__WHAT YOU NEED TO DO__
Only the lines from the one containing "Collection of skincare" to the end of the data should be copied, exactly and without pictures.

(Captioned web image data)
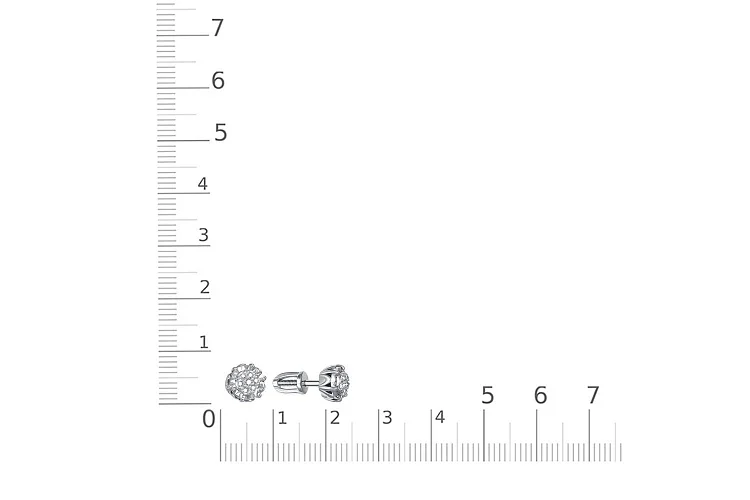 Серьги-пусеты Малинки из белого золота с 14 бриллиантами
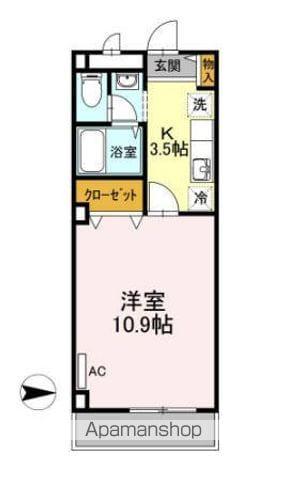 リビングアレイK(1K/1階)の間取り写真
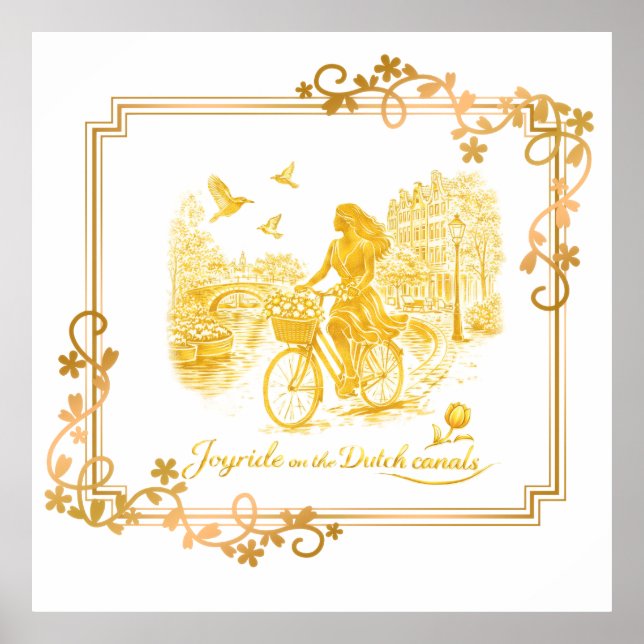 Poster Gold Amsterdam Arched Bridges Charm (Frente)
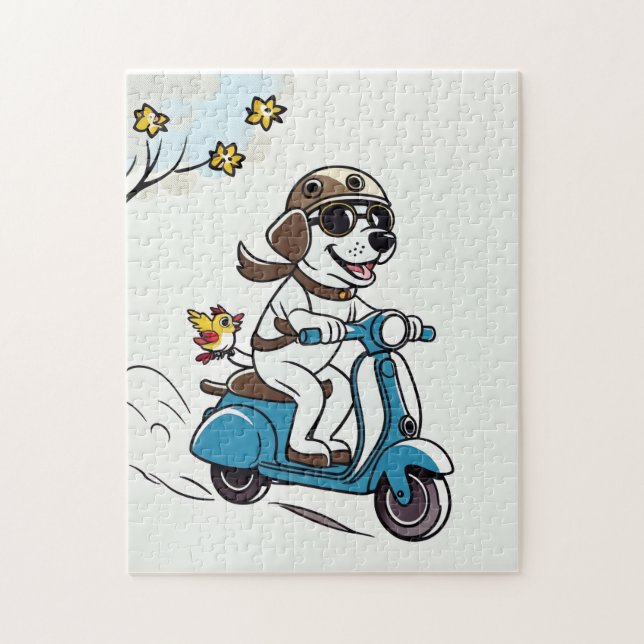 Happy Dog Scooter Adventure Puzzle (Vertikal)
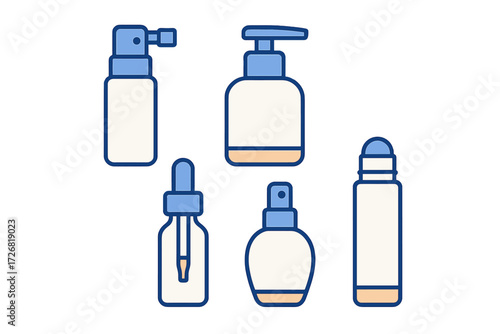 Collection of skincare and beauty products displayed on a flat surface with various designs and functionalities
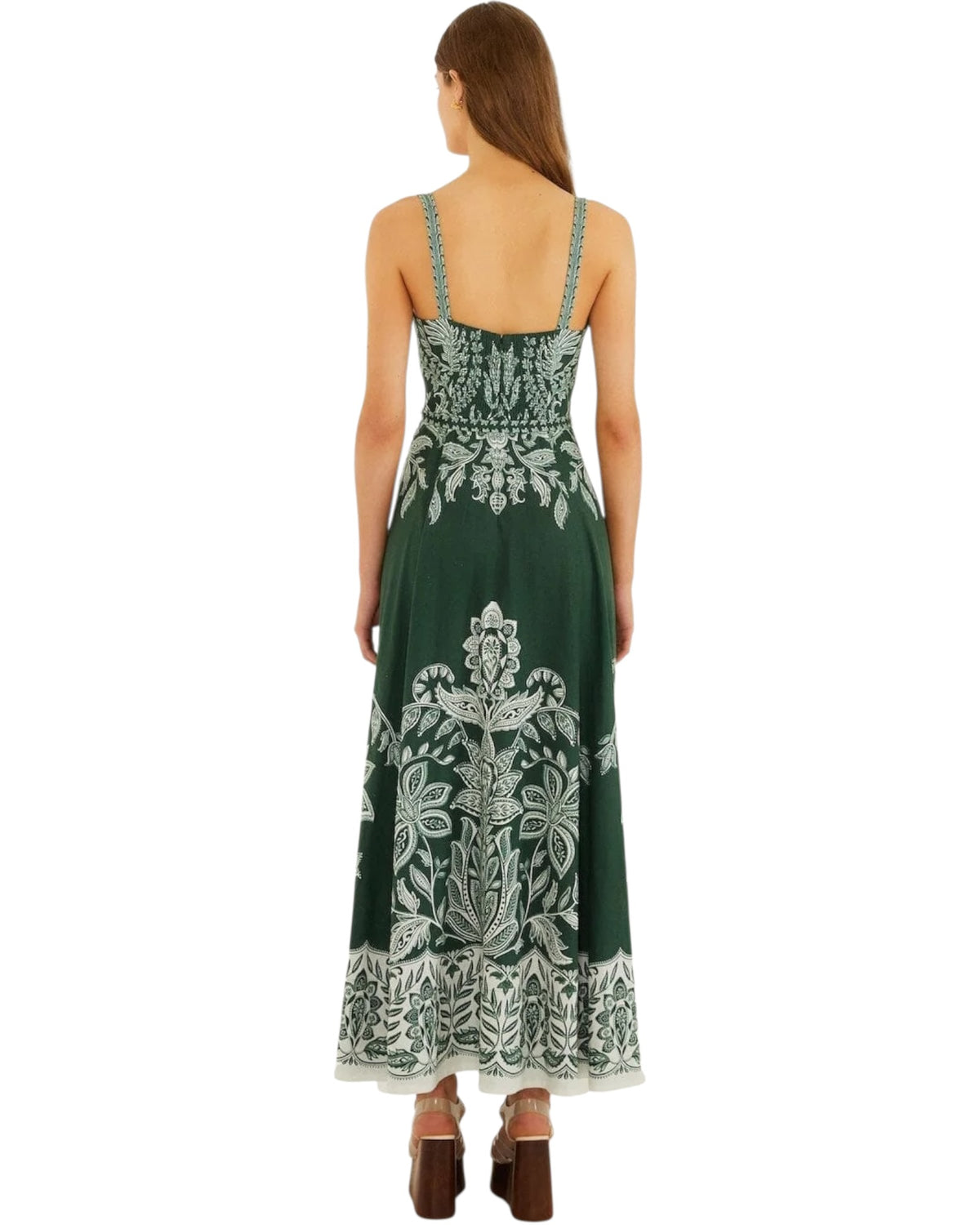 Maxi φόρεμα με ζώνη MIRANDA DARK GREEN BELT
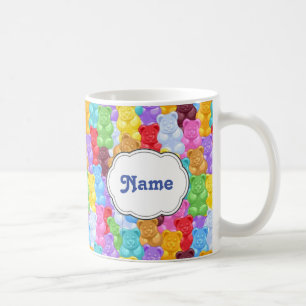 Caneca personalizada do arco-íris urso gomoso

__TASK SOLUTION__
 Collection of skincare and beauty products displayed on a flat surface with various designs and functionalities
 Maxi φόρεμα με ζώνη MIRANDA DARK GREEN BELT
 Caneca personalizada do arco-íris urso gomoso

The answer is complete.